"My philosophy is - if it can't be done, let's do it anyway," he said.
Not long ago, Kelly asked the kids if they'd be willing to take the school's concert band in a whole new direction, CBS News correspondent Steve Hartman reports.
Their reactions varied from "thrilled" to "scared" to "how can blind people do this?"
But nevertheless, the kids agreed, got some uniforms and double-tied their shoes.
"And we became the first blind marching band in the land," one student said.
That's right - a blind marching band, something hard to pull off for several reasons. For one, they can't see the director, though he goes through the motions anyway.
"I can't just stand up in a band and not do that, you know," he said.
But even more importantly, a marching band involves marching.
"I think our first goal was just to see if we could march and stay in a line," one of the students said.
That's the tough part. Any marching band worth its Sousa has to walk a fine line between precision and collision. Do it right, and you make something of yourselves. Do it wrong, and you've got a trombone accident.
Seeing the potential for a demolition derby, Kelly paired each band member with a sighted volunteer - together they spell out Ohio, in Braille. They zig, zag, criss and cross.
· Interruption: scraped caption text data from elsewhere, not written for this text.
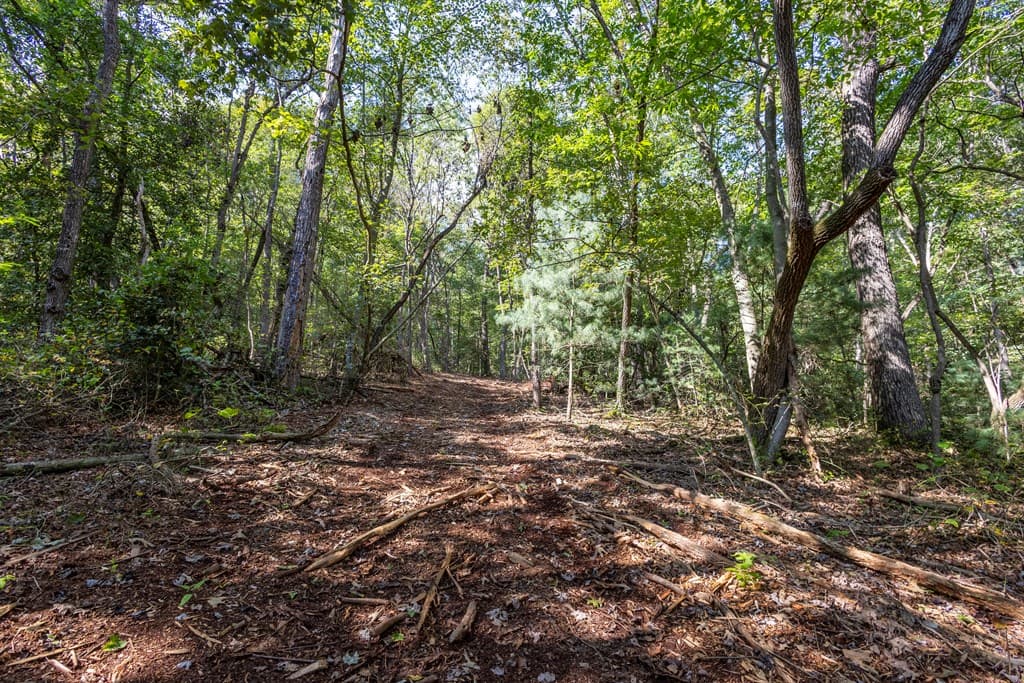 23.59 AC Chestnut Flats Road, Andrews NC 28901 - Photo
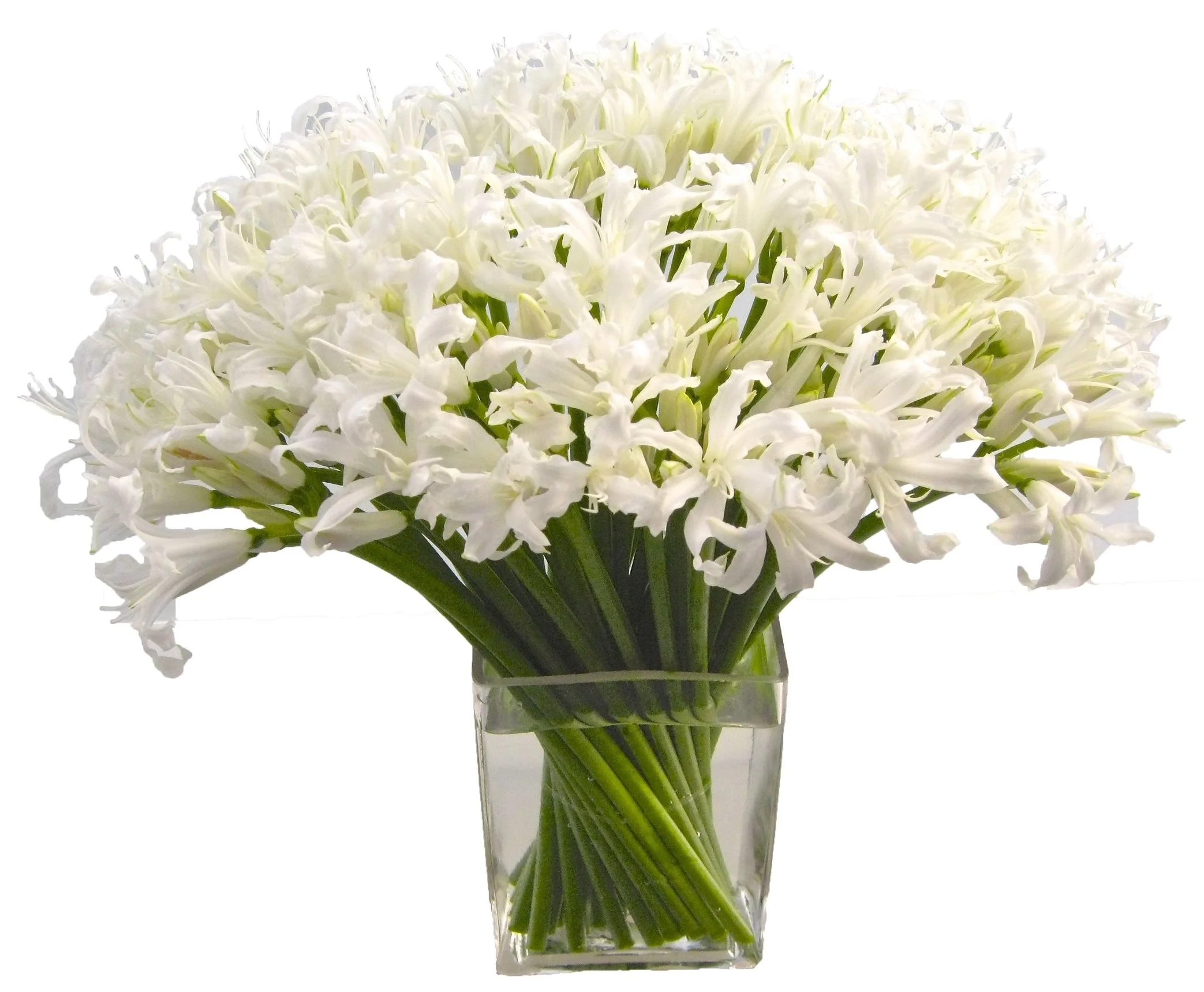 White Nerine starts at $250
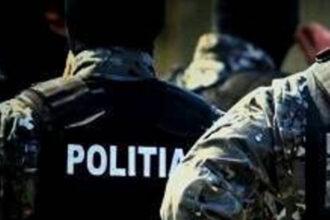 perchezitii ale politistilor timisoreni in 7 judete intr un dosar de evaziune fiscala cu un prejudiciu de 3 milioane de lei 6853ab5276eb7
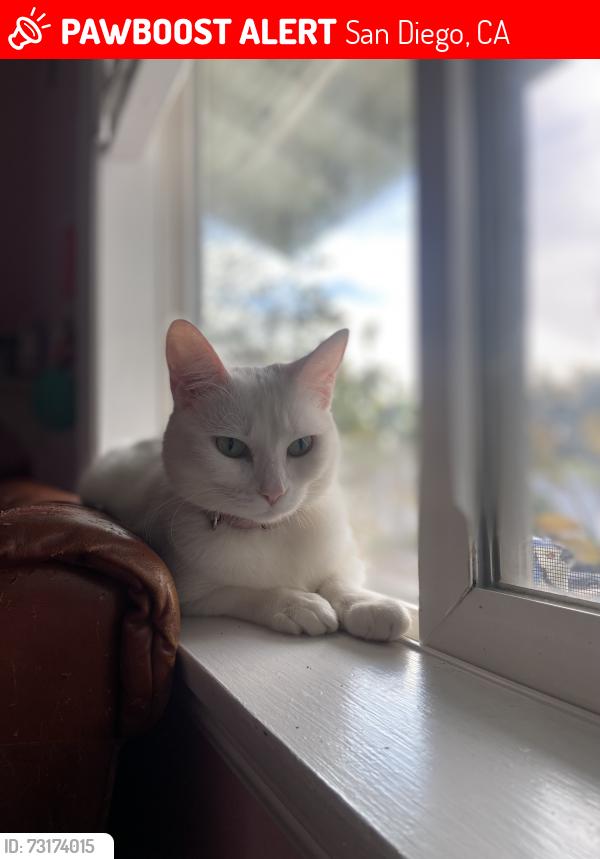 Lost Female Cat last seen cardiff and san felipe st, San Diego, CA 92114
And on this day they would have had a flawless performance - if not for CBS News' meddling cameraman, who stepped right in front of the saxophonist.
Fortunately, the group's goal isn't to put on a perfect show - Kelly never intended to build a band worthy of the Rose Parade - all he wanted to do was teach these kids that nothing is ever out of the question.
"If you think you have a limitation, chances are you're going to have one," Kelly said.
It's a lesson these students learned for the first time when they took the field and again at an assembly a couple weeks ago when they learned they're going to be in the Rose Parade in 2010.
Hartman hopes to cover their trip - and hopefully with a different cameraman.